**What to work on**
When writing out the entries below, keep only the lines from the line with "Questo affascinante dipinto" to the line with "Pair of Horst", both included, exactly as they are, and leave the pictures aside.

**Supplied data**
=== Begin Enclosure ===
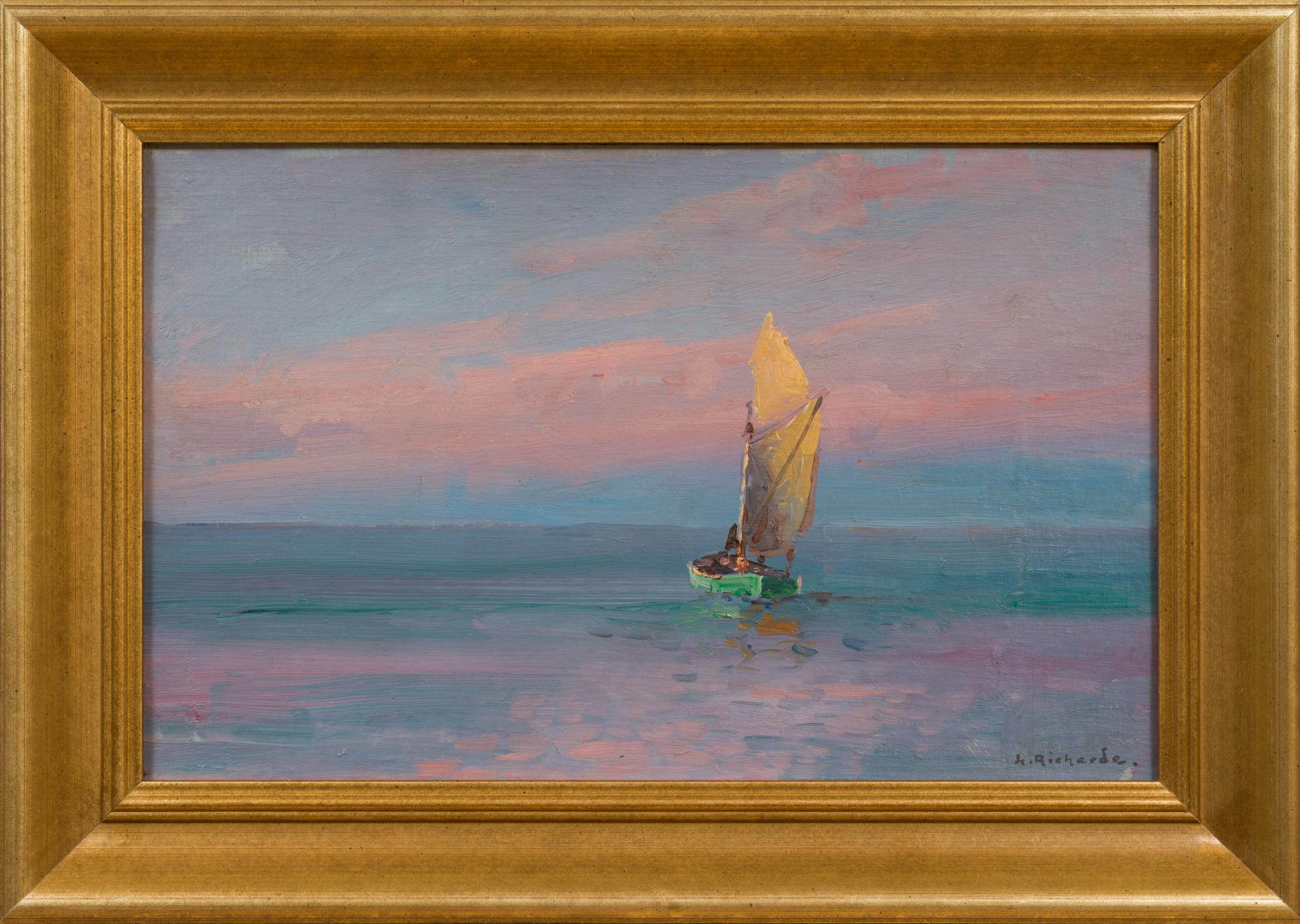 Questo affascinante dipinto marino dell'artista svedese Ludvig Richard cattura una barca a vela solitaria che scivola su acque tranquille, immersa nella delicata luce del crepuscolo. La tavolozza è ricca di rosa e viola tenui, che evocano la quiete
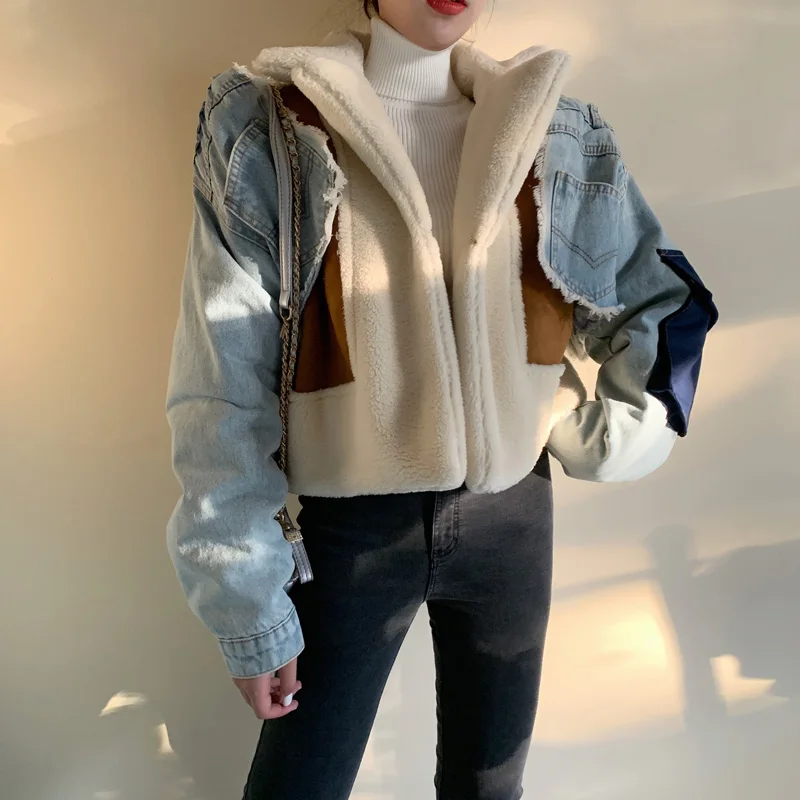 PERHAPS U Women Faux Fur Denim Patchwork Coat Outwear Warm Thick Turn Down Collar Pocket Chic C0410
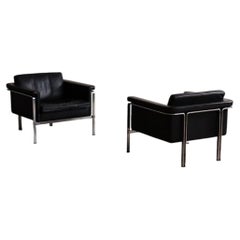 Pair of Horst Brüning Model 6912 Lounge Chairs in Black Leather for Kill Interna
=== End Enclosure ===
=== Begin Enclosure ===
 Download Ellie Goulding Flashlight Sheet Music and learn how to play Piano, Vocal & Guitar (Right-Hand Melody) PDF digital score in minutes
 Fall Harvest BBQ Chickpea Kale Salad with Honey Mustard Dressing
=== End Enclosure ===
=== Begin Enclosure ===
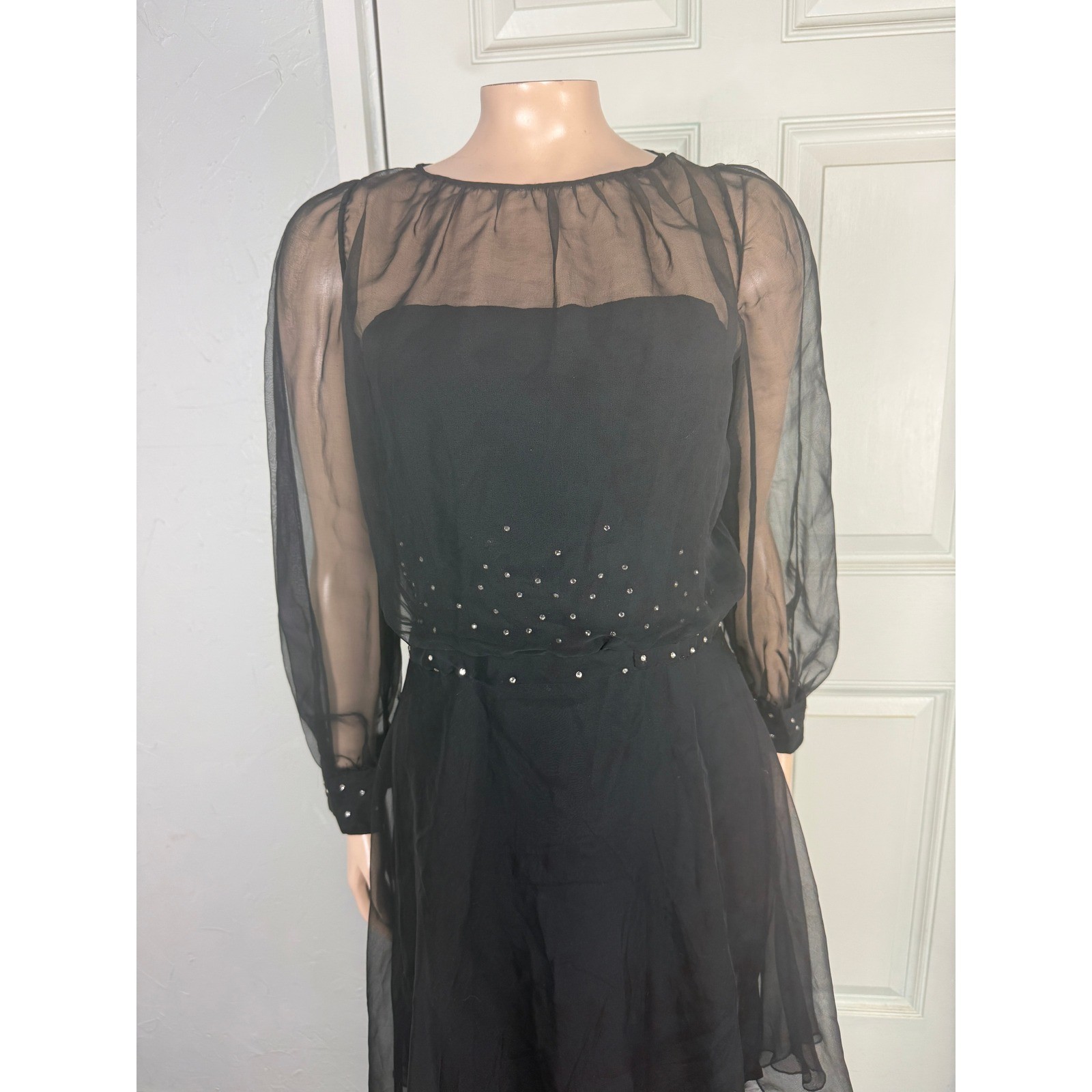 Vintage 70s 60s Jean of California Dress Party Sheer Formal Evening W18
=== End Enclosure ===
**Answer to this problem**
 Questo affascinante dipinto marino dell'artista svedese Ludvig Richard cattura una barca a vela solitaria che scivola su acque tranquille, immersa nella delicata luce del crepuscolo. La tavolozza è ricca di rosa e viola tenui, che evocano la quiete
 PERHAPS U Women Faux Fur Denim Patchwork Coat Outwear Warm Thick Turn Down Collar Pocket Chic C0410
 Pair of Horst Brüning Model 6912 Lounge Chairs in Black Leather for Kill Interna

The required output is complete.